DEGREES OF COMPARISON:
- Positive sentence
- Comparative sentence
- Superlative sentence
DIFFERENT TYPES OF SENTENCES BASED ON CLAUSE STRUCTURE:
- Simple sentence
- Compound sentence
- Complex sentence
These types of sentences are semantically determinant sentences. In simple words, a sentence that makes a statement or gives information is called a declarative sentence.
A declarative sentence can also be a simple, compound or a complex sentence based on the clauses the sentence is constructed with.
To put it into a nut shell, the declarative sentence is merely a statement.
- George Washington was the first president of the United States. (Simple sentence)
- I really like pizza, but I do not like pizza that has onions on it. (Compound sentence)
- Roads are made from asphalt.(Simple)
This type of a sentence is merely a command or an instruction. Imperative sentences have the base as a verb and its subject is always (YOU).
Imperative sentences don’t have a readily identifiable subject; the subject of this type of a sentence is always implied. (Elliptical)

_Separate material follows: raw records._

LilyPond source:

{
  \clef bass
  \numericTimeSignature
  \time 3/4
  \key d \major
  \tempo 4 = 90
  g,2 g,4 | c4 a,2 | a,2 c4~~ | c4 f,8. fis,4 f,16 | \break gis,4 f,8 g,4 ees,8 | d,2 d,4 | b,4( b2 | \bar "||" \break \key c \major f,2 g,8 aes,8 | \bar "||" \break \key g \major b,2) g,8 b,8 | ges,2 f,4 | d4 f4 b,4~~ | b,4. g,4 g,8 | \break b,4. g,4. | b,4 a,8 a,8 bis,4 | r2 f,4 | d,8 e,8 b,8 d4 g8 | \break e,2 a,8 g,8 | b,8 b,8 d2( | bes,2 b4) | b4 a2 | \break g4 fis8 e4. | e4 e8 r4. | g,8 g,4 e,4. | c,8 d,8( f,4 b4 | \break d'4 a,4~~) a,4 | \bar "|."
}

Mostly the imperative sentences end with an exclamation sign or a period.
- Put that down now!
- Come over here, look at this specimen, and tell me what you think.
- Everybody look!
These types of sentences are questions, undoubtedly, they end with a question mark. Finding the subject would be a slightly difficult task here, as the subject will lie between the parts of the verb phrase.

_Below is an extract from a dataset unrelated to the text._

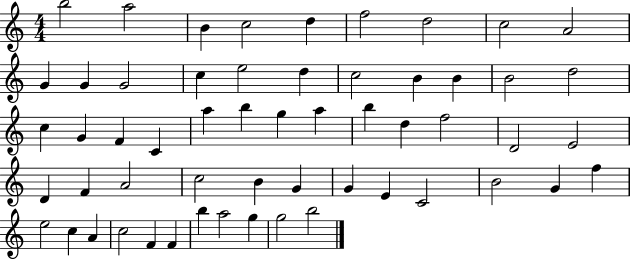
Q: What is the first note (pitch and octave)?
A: B5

Interrogative sentence is made by inverting the subject and the predict.
- Did Nina sleep well?
- Haven’t you brushed your teeth yet?
- Where have you been?
This type of sentence is a statementthat conveys more emotion and excitement. It’s a main clause that expresses a strong feeling.
- I am angry!
- You won the prize!
- That’s a huge whale!
DEGREES OF COMPARISON
When we try to compare one person or a thing with another that is where the degree of comparison comes into play.
Positive degree refers to the alternate version of the adjective used without any suffix added to the adjective.

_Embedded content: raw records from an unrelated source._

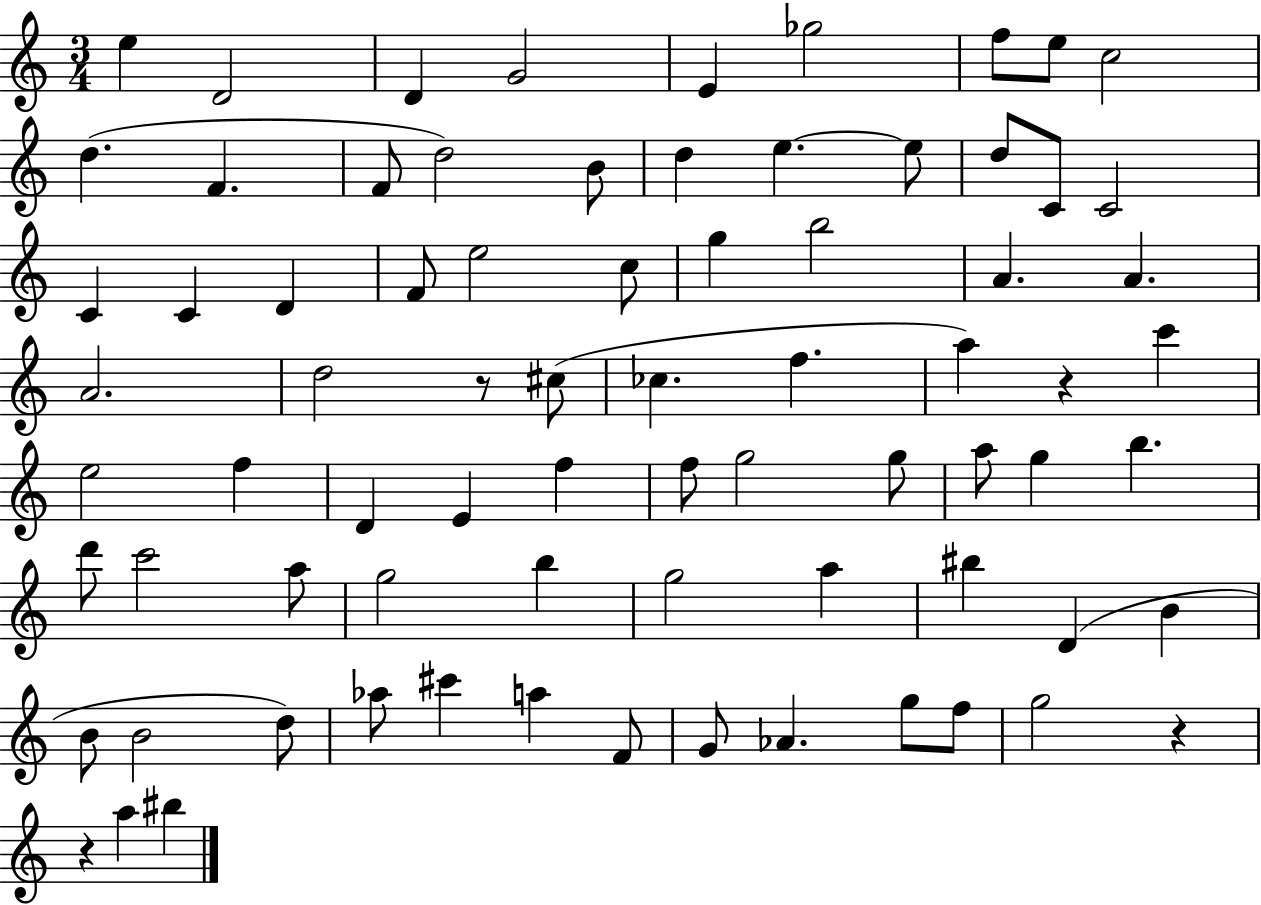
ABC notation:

X:1
T:Untitled
M:3/4
L:1/4
K:C
e D2 D G2 E _g2 f/2 e/2 c2 d F F/2 d2 B/2 d e e/2 d/2 C/2 C2 C C D F/2 e2 c/2 g b2 A A A2 d2 z/2 ^c/2 _c f a z c' e2 f D E f f/2 g2 g/2 a/2 g b d'/2 c'2 a/2 g2 b g2 a ^b D B B/2 B2 d/2 _a/2 ^c' a F/2 G/2 _A g/2 f/2 g2 z z a ^b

Usually, sentences are written in positive degree when quality of only one object or person is spoken of. In rare occasions the object or the person can be compared by adding ‘as’ to the adjective.
Example: 1. He is a tall student.
2. John is as smart as Tom.
Comparative degree is used when comparing two different objects or persons. When the suffix ‘er’ is added to a single syllable or two syllable adjectives, the sentence becomes a comparative degree.
For adjectives with two or more syllables words like more or less is used. In simple, adding ‘er’ to the positive degree will make it a comparative degree.
Example: 1. William is stronger than Thomas.
2. Mary is more beautiful than Katherine.
Superlative degree compares more than two items and it is considered as the highest degree. When the suffix ‘est’ is added to a single syllable or two syllable adjectives, the sentence becomes a comparative degree.
For adjectives with two or more syllables words like most or least is used. In simple, adding ‘est’ to the positive degree will make it a superlative degree.
Example: 1.Jim is the tallest in the class.
2. Tom listens most attentively of all students.